The Corporation de l’École polytechnique (an engineering school based in Montreal) is the sponsor of a defined benefit pension plan (the Plan). As required by the Quebec Supplemental Pension Plans Act (SPPA), the Plan is administered by a pension committee (which is similar to a board of trustees) composed of plan members, retirees and a majority of members appointed by the Corporation.
Prior to 2004, the Plan provided that benefits were to be indexed at 50 % of the consumer price index (CPI), leaving the Corporation the discretion to grant supplementary pension increases representing the other 50 % of the CPI. In 2002, the pension committee recommended that the Plan be amended so that the supplementary increases be automatically granted on January 1st of each year beginning in 2004, provided that the Plan’s actuary could confirm on that date that the Plan has a specified reserve (on a going concern basis). The pension committee sent a summary of the proposed amendment to Plan members in April 2002 and asked them to vote on the proposal. Following a favourable vote, the Corporation amended the Plan so as to grant supplementary increases automatically on a January 1st if: (i) the specified reserve is met and (ii) the Plan does not have a solvency deficiency.
Shortly after the 2003 indexation was announced, the Association des retraités de l’École polytechnique (a group representing retirees) contested the indexing rate approved by the Corporation. The parties were unable to find a common ground on this issue for nearly three years. The parties eventually agreed to amend the Plan to address this particular issue. The Corporation would obtain the right to take contribution holidays equivalent to the amount of the special solvency payments made to the Plan and in return, the retirees would be entitled to a retroactive pension increase. Once again, the pension committee provided a summary of the proposed Plan amendments to members and asked them to vote in late 2005. The Corporation then amended the Plan to provide that the retroactive increase would be paid once the Corporation would have recovered its special solvency payments.
In 2007 and 2008, the specified reserve on a going concern basis was attained, but the Plan had a solvency deficiency. Supplementary increases were therefore not awarded. The Association filed a motion for authorization to institute a class action alleging that the solvency requirement had not been approved by Plan members as part of the 2002 vote. They also claimed that the addition of a priority of the contribution holidays over the retroactive pension increase had also not been approved by the members as part of the 2005 vote.
The motion was dismissed by the Quebec Superior Court. The Court concluded that the plaintiff failed to establish a viable cause of action as required by section 1003(b) of the Civil Code of Procedure.

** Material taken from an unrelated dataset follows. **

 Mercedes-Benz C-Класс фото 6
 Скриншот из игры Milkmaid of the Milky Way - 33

Quebec Court of Appeal Decision
The Quebec Court of Appeal upheld the decision of the Superior Court and refused to authorize the class action to proceed.
The undisputed evidence showed that all the information relating to the Plan amendments at issue was provided to Plan members by the pension committee, not by the Corporation. The Court of Appeal expressly confirmed for the first time that the pension committee of a registered pension plan is a separate legal entity from the plan sponsor and is thus liable for its own actions and omissions. It follows that the Corporation could not be liable for the alleged failure of the pension committee to explain the solvency requirement and the priority of the contribution holidays to Plan members. As a side note, we can presume that the Association did not want to sue the pension committee as it would have meant a lawsuit against some of its own members who were members of the pension committee at the relevant times.

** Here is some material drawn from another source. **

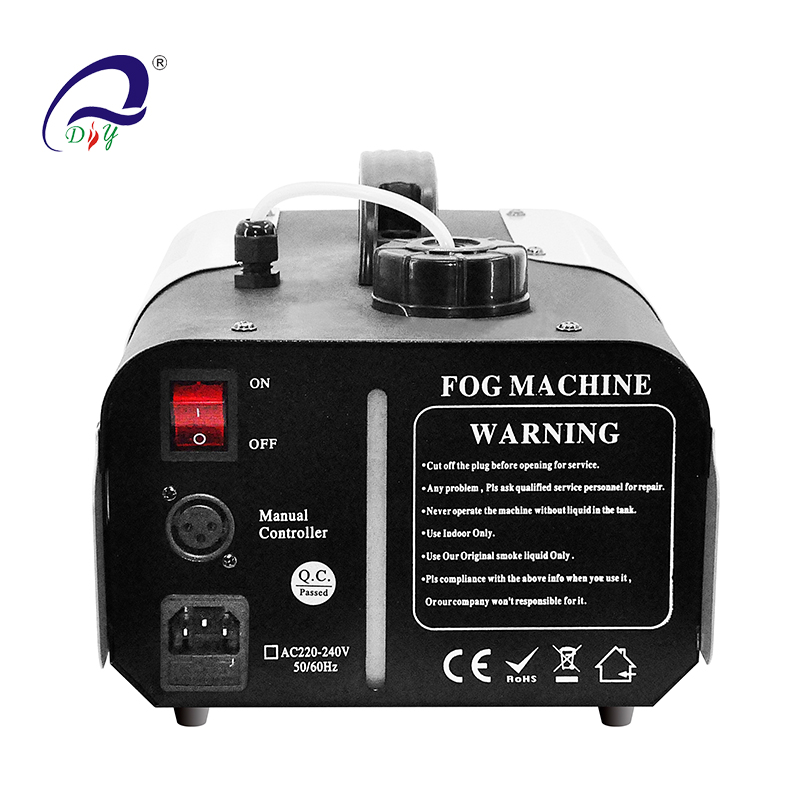 ♪ F-2 90W Fog Smoke Machine for DJ Party ♪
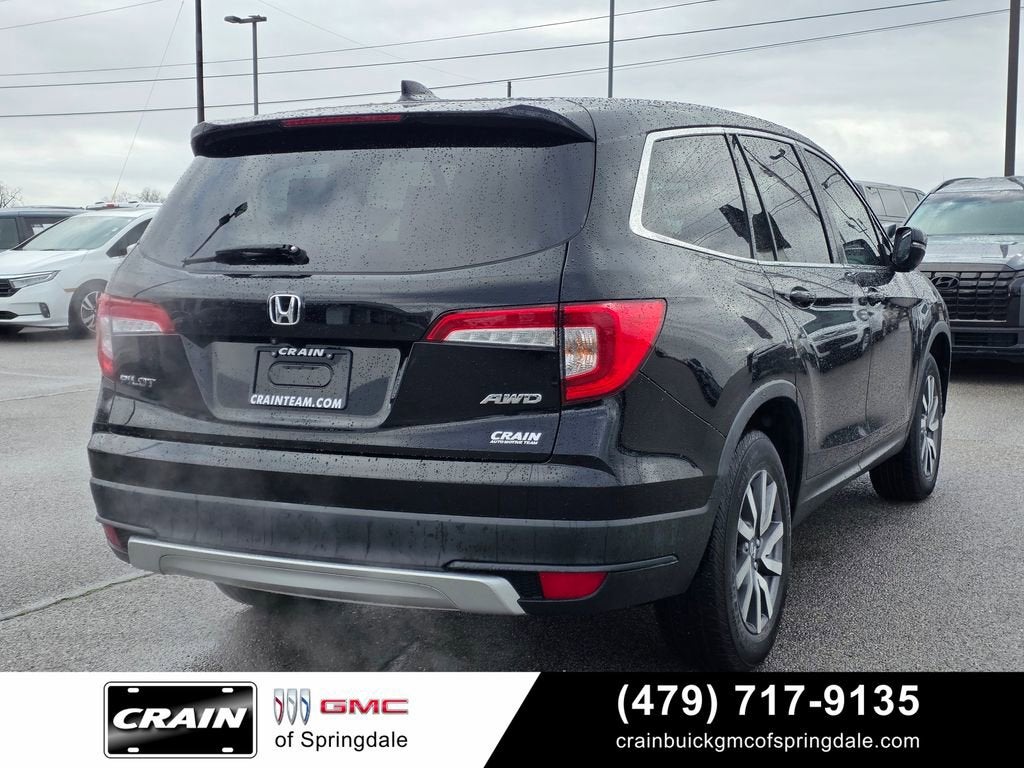 2020 Honda Pilot EX-L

The Court of Appeal then noted that based on a plain reading of the Plan terms, the Corporation had the sole authority to amend Plan with respect to pension increases. Since amendments relating to pension increases did not have to be approved by Plan members in the first place, the votes organized by the pension committee could not be binding on the Corporation.
Lastly, the Court concluded that since the action was only brought in December 2009, more than three years after the announcement of the Plan amendments at issue, it was clearly time-barred. The Court notably rejected the plaintiff’s argument that the applicable 3-year time limit could not start to run until retirees were actually denied the increases for the first time in 2007. The Court held that their damages (i.e. the loss of pension increases) were sufficiently crystallized when the amendments were made even though they could not know exactly when they would be incurred.